From a discarded member of a merger, to a struggling solo SMG, to a Search and Destroy expert and a pivotal part of the slaying department that benefitted from his pacing, the Prince of Thieves was crowned as a world champion, finally being able to sit on his throne.
Free at last. Sam "Octane" Larew's journey to be a World Champion in the CDL era is one of the best turnarounds we've ever seen. Although his personal ability has never been doubted, it took two years for the shackles around his ankles to be unhinged, and a free Octane is a force to be reckoned with.
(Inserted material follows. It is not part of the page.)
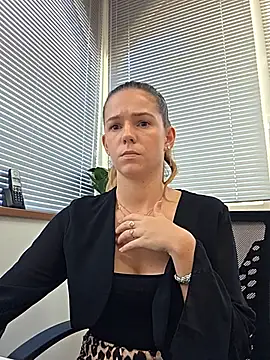 Lucie_mehott - FAIS MOI MOUILLER + 🎁
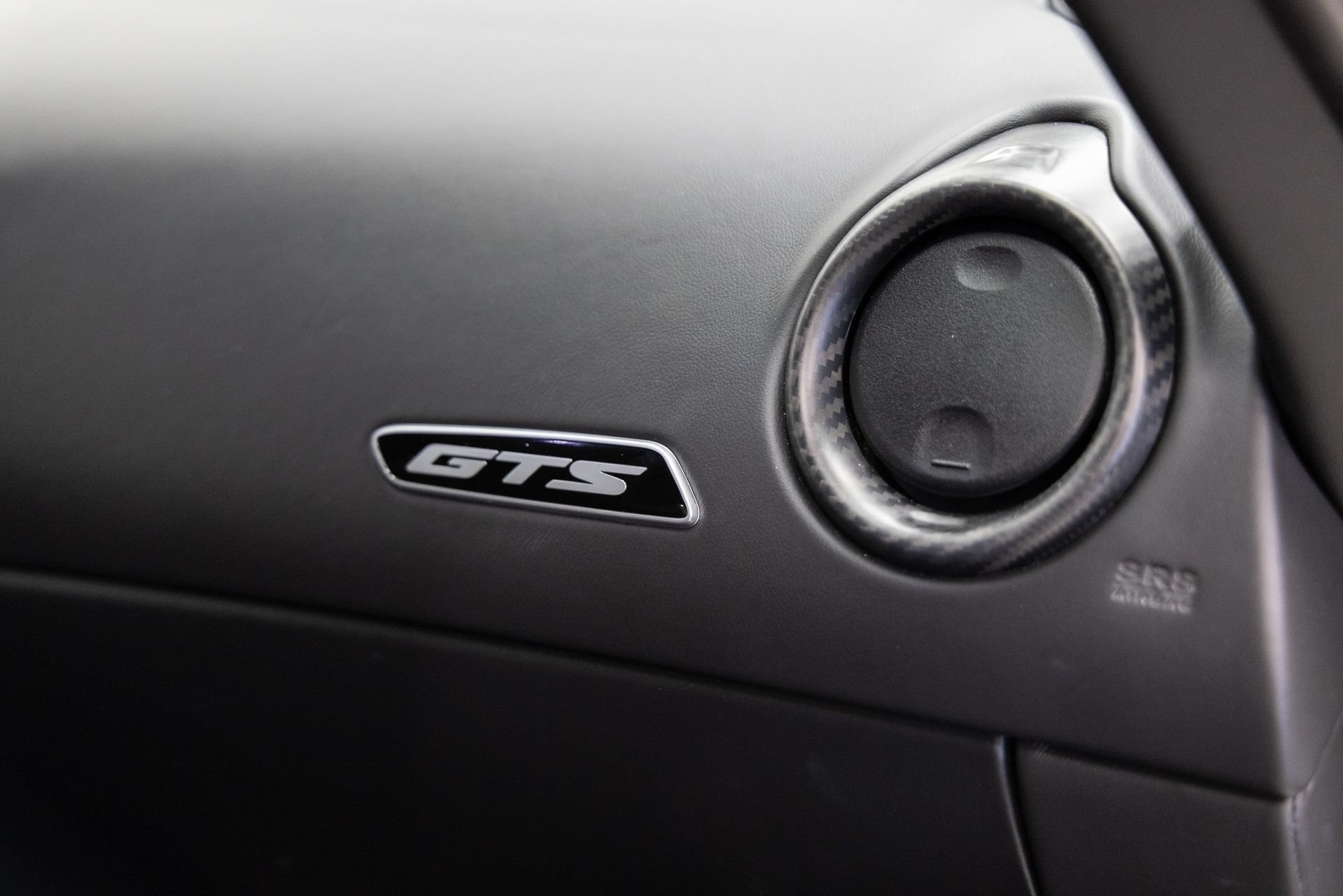 Used 2014 SRT Viper GTS w/ Exterior Carbon Fiber Package RWD image 18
Dubbed "The Human Turrett" for a reason, Octane came into the CDL off the back of his best year to date, given that he ended the Black Ops 4 circuit with two chips under the 100 Thieves banner. Having risen through the ranks at Rise Nation, Luminosity, and 100 Thieves, Octane became one of the most sought-after ARs on the market, going into the CDL era.
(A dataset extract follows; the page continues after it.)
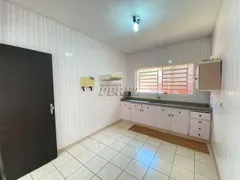 Casa Comercial para alugar, 242m² no Vila Ipiranga, Londrina - Foto 13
Unfortunately for Octane, his beloved 100 Thieves were not ready to splash tens of millions of dollars on a CDL spot, and he was shipped off to Seattle in what appeared to be somewhat of an all-star lineup. Blessed with three-rings Damon "Karma" Barlow, fellow 100 Thieves alumni Ian "Enable" Wyatt, and the ever-consistent Bryan "Apathy" Zhelyazkov, the future looked bright for Seattle. How mistaken we were. A string of shocking team results and teammate retirements took the gloss off Octane's league-leading stats, resulting in the circulation of hashtag FreeOctane.
Flashes of brilliance persisted in Octane's LAN performances in Black Ops Cold War, earning himself a free passage back to the guild of 100 Thieves. Free, flying, fabulous. With a sniper in hand, Octane dominated. Whether it be Desert Siege or Berlin, Octane was consistently finding the angles and patience to get picks. With an Assault Rifle in hand, he became equally ferocious, especially following the switch between Kenny and Zack "Drazah" Jordan. Applauded for his comms, leadership, and individual domination at range, Octane's redemption arc from the bottom of the league to outright champions is one that is sprinkled with the sweet taste of justice.
Chatted Out Of Challengers
The Jamie Vardy of the Call of Duty League - for the Americans, Vardy's strapline of: "Chat s**t, get banged," is iconic in football, and also perfectly sums up Drazah's cocksure villainous arrogance that boasts the ability to walk the walk. "F**k it then". Few players in Call of Duty history have been able to play Devil's advocate and back it up with a ring, but Drazah's journey has seen him become the first player to smack-talk their way out of challengers and win a Call of Duty World Championship.
Drazah only burst onto the scene in 2020, starting a career in the Challengers scene under Illusion Esports. After just five months, he had already proven why the Challenger system was beneficial. A string of top four finishes in the North American cups and various Challengers Opens, he was pulled in by OpTic Gaming Los Angeles to bolster their flex ranks, completing the path to pro in record time.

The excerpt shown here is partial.